## Problem
From the entries below, return exactly the lines beginning at the one that contains "Allegori av Maurice Denis" and ending at the one that contains "Everybody's Landlady Chapter 1 page 12", both of them included, and only those lines.

───── Source material ─────

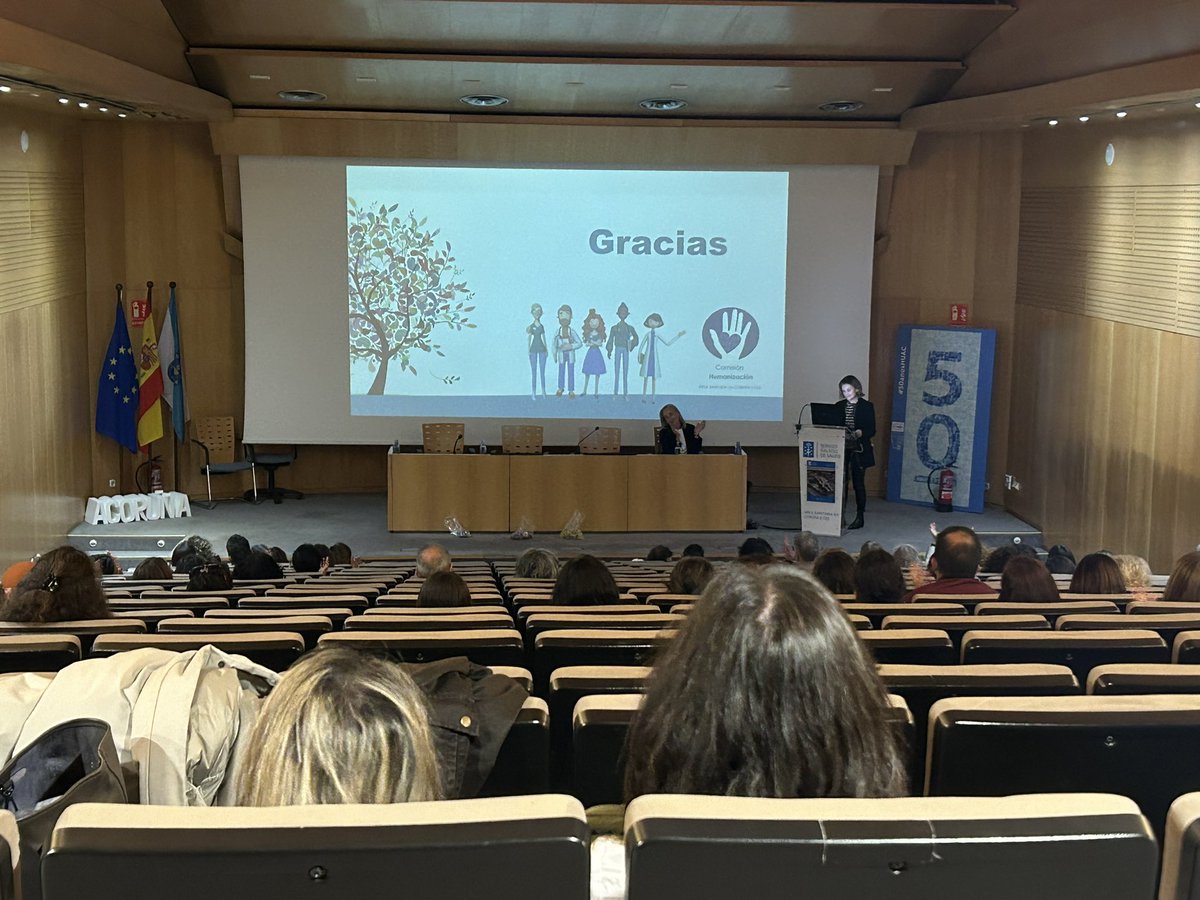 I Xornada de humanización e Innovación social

─────
───── Source material ─────

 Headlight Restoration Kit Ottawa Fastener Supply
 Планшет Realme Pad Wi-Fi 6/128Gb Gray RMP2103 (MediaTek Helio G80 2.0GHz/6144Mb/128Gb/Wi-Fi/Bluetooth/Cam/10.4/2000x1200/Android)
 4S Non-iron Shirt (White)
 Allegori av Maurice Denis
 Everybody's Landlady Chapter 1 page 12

─────
───── Source material ─────

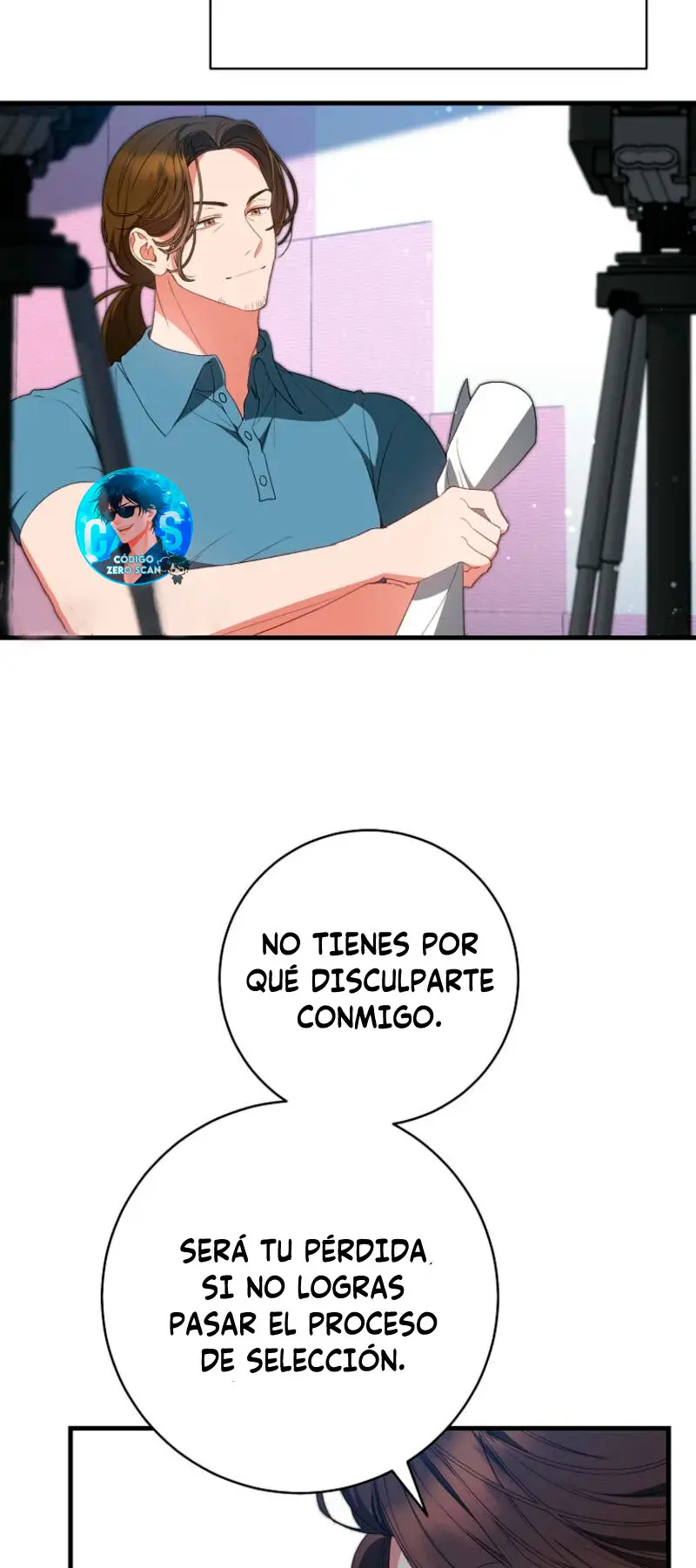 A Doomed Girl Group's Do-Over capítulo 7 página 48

─────

## Answer space
 Allegori av Maurice Denis
 Everybody's Landlady Chapter 1 page 12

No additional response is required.